Rien ne changea, non plus, au lendemain du référendum de 2005, où les Français rejetèrent le projet de traité constitutionnel européen. Deux ans plus tard, au lendemain de son élection, Nicolas Sarkozy négocia avec ses partenaires le traité de Lisbonne qui reprenait l’essentiel de la Constitution rejetée et qu’il fit ratifier par le Parlement. Nul doute que bien des électeurs se sont sentis floués.

Quant à François Hollande, il engagea en 2014 une politique de soutien aux entreprises aux antipodes des credo de la gauche et dont il n’avait dit mot durant sa campagne de 2012, provoquant une fronde dans son propre camp qui explique, en grande partie, son renoncement à se représenter.
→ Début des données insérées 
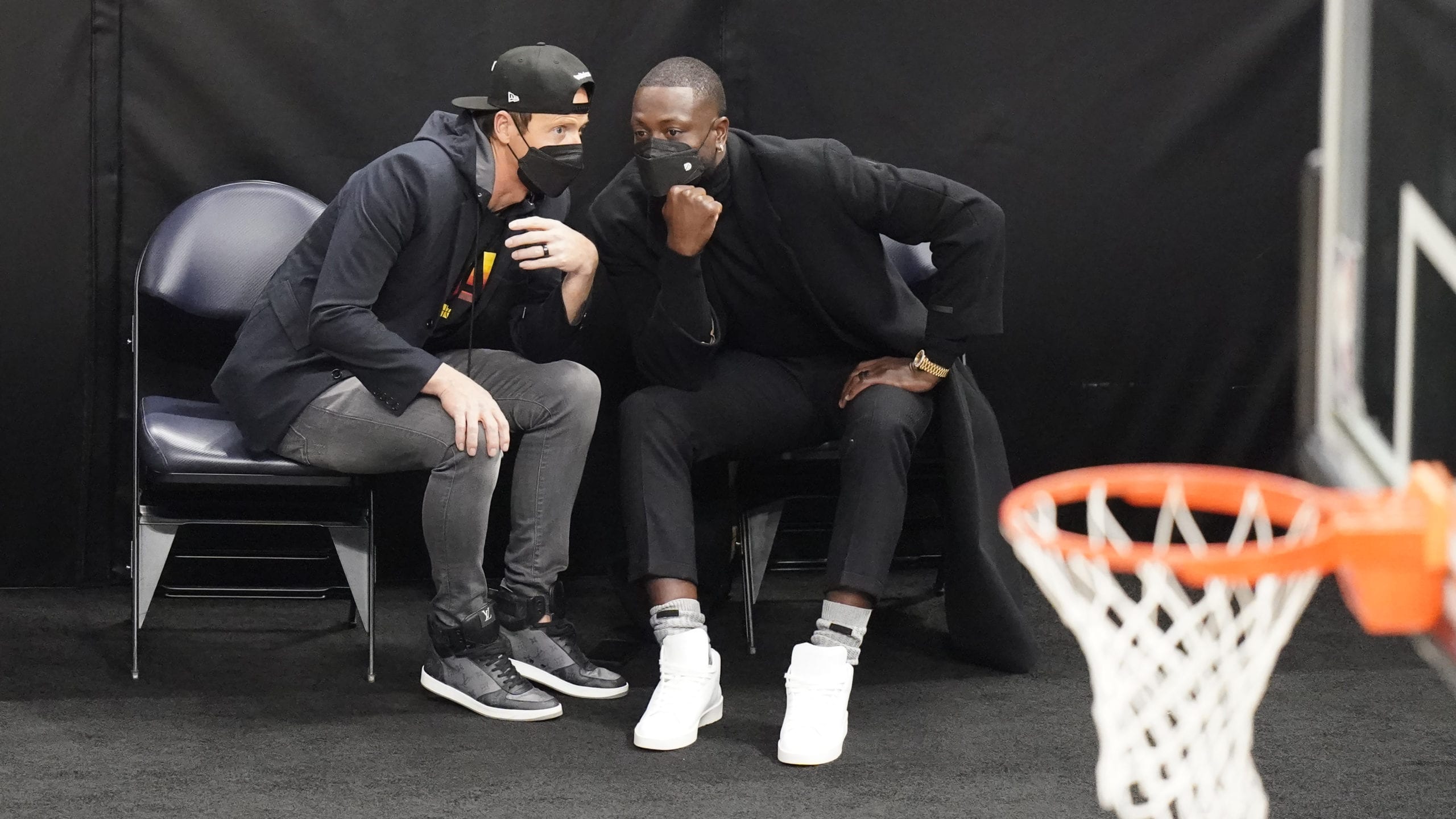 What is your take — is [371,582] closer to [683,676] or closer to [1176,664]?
[683,676]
Ajoutons que depuis une quinzaine d’années, et plus encore après le déclenchement de la crise économique mondiale en 2008, ni la droite ni la gauche n’ont su efficacement porter remède aux maux qui minent le pays et qui sont au cœur de la révolte des « gilets jaunes » : chômage de masse, insécurité sociale, alourdissement constant de la charge fiscale – sans parler de l’endettement public abyssal.
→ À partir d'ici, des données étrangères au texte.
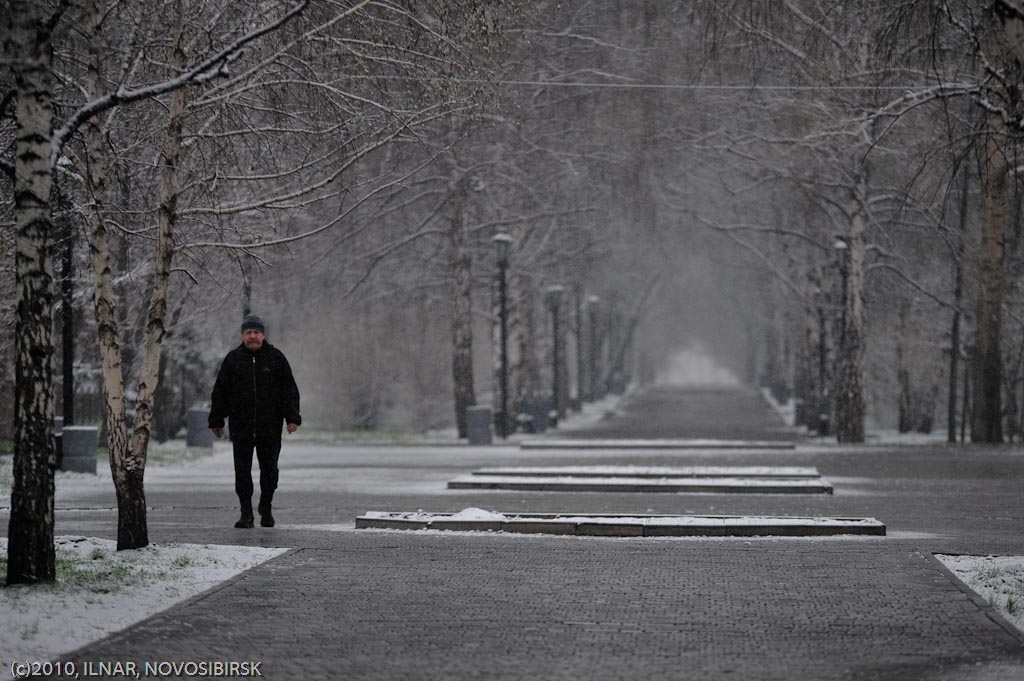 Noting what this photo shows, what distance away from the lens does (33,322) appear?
9.00m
Discrédit sans précédent des institutions politiques

Il aurait été miraculeux, dans ces conditions, que les citoyens ne perdent pas confiance dans leurs élus et dans leurs dirigeants. Depuis dix ans, le baromètre établi par le centre de recherche de Sciences Po (Cevipof) donne la mesure de cette fracture politique, démocratique même. Réalisée en décembre 2018, la nouvelle édition de cette enquête sera rendue publique le 16 janvier. Mais quelques chiffres permettent, dès à présent, de confirmer l’ampleur de la crise.

Ainsi, hormis le conseil municipal, les principales institutions politiques souffrent d’un discrédit sans précédent : il ne se trouve plus que 28 % de Français pour faire confiance à la présidence de la République, 22 % au gouvernement, 23 % à l’Assemblée nationale et 9 % aux partis politiques. Quant à l’Etat lui-même, trois Français sur quatre (74 %) jugent que ses affaires sont conduites dans l’intérêt de quelques-uns et non dans l’intérêt général. Ce n’est guère surprenant, dès lors que 85 % des personnes interrogées estiment que les responsables politiques se préoccupent peu ou pas du tout de ce que pensent les gens comme eux.

Deux indicateurs supplémentaires donnent le vertige. Quand on demande aux Français ce qu’ils éprouvent quand ils pensent à la politique, 37 % répondent de la méfiance et 32 % (en hausse de 7 points en un an) du dégoût, contre 9 % de l’intérêt et 5 % de l’espoir… Enfin, un pourcentage équivalent (70 %, en hausse de 9 points en un an) considère que la démocratie ne fonctionne pas bien en France.

Macron a braqué la France

A la lecture de ce réquisitoire, l’on mesure l’ampleur du défi fixé par Emmanuel Macron : redonner toute sa vitalité à notre démocratie. D’autant que, si ses prédécesseurs portent leur part de responsabilité dans cet état des lieux accablant, la sienne n’est pas plus mince.

N’avait-il pas promis, en 2017, de sortir le pays de ses ronchonnements pessimistes, de lui redonner le goût de l’avenir et, pour cela, d’engager une « révolution démocratique », de « revivifier nos appareils sclérosés », à commencer par les partis politiques, enfin d’inventer une « République contractuelle [qui fasse] confiance aux territoires, à la société et aux acteurs pour se transformer » ?

Or c’est l’inverse qui s’est produit : les territoires et leurs élus ont été rudoyés, les acteurs sociaux négligés, les citoyens sermonnés sans ménagement. Quant au parti présidentiel, il est très loin de remplir la mission qui lui était assignée : « Former, réfléchir et proposer.»

Le candidat Macron voulait bousculer la France pour mieux la moderniser. Le président Macron l’a braquée comme rarement, provoquant un ressentiment qu’il lui sera très difficile d’effacer.

Au moins pourra-t-il s’appuyer, dans le grand débat qu’il va engager, sur un chiffre encourageant de l’enquête de Sciences Po : pour 80 % des Français (+ 2 points en un an), « la démocratie peut poser des problèmes, mais c’est quand même mieux que n’importe quelle autre forme de gouvernement ». Quelle que soit la sévérité des critiques à l’encontre du système politique et de ses acteurs, l’aspiration démocratique du pays reste profondément enracinée. Encore faut-il savoir l’écouter, la respecter et la prendre en compte. C’est tout l’enjeu des prochains mois.